Recent progresses on hypersonic boundary-layer transition

Abstract

Boundary-layer transition (BLT) is one of the key problems in developing hypersonic aircrafts. Major aerospace countries all over the world have been heavily supporting relevant researches, and the project funding keeps increasing in recent years. In this paper, wind tunnel experiments, numerical simulations and theoretical analysis are combined to study some hot issues in this area, which include effects of unit Reynolds number, angle of attack and nose bluntness, nonlinear interactions during breakdown, secondary instability of crossflow vortices, etc. Some of our views on understanding hypersonic BLT are summarized. The wind tunnel tests are conducted in the F1 m hypersonic wind tunnel of China Aerodynamics Research and Development Center, and the relation between transition location and different unit Reynolds numbers, angles of attack and nose bluntness is obtained.
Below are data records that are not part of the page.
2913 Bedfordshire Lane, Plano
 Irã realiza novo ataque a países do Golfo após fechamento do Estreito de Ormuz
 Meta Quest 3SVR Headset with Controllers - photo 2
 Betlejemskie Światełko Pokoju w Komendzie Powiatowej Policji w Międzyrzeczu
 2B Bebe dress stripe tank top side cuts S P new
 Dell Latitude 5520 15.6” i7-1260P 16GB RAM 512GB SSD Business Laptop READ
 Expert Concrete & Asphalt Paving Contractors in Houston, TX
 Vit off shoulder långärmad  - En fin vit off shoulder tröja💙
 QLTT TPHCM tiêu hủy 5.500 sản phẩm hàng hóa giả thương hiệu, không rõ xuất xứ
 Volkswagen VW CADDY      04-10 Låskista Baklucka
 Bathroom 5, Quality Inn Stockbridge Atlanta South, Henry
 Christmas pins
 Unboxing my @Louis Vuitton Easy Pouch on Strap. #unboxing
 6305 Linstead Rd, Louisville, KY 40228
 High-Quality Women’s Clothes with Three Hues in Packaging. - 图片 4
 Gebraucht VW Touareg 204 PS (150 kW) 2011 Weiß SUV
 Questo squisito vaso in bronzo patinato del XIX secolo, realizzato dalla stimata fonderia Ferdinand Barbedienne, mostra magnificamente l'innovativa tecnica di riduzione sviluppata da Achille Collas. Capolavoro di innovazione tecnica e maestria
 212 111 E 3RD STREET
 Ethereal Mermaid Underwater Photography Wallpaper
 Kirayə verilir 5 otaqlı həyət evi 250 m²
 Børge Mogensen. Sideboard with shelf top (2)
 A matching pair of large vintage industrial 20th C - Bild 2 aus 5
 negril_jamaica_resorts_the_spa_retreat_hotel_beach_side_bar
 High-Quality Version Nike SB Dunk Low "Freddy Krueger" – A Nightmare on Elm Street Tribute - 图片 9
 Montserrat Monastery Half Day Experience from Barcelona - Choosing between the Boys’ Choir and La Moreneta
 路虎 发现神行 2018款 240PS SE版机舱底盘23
It is well known that hypersonic BLT undergoes an important phenomenon called "nose-bluntness inversal", but a worldwide accepted reasonable explanation for this phenomenon is still missing. To investigate the "nose-bluntness reversal", we suggest to consider the influence of front shock waves because free-stream disturbances are changed by shock waves. Meanwhile, we should also consider the following two aspects: blunt-nose receptivity and entropy-layer effect. Some premiliary but encouraging results are presented on these two aspects via direct numerical simulations (DNS) and stablity analysis. During the late stage of transition, a "quiet zone" may appear when the second mode waves reach large amplitude, and this is followed by lowfrequency modes. DNS and the dynamic mode decomposition are applied to study this problem. The results indicate that the relation between the second modes and the low-frequency modes is possibly mode transformation. In the end of this paper, a newly discovered secondary unstable mode of saturated crossflow vortices is introduced. This mode has the same level of growth rate as Z mode, but is related to the wall-normal shear stress, thus it is named Y' mode.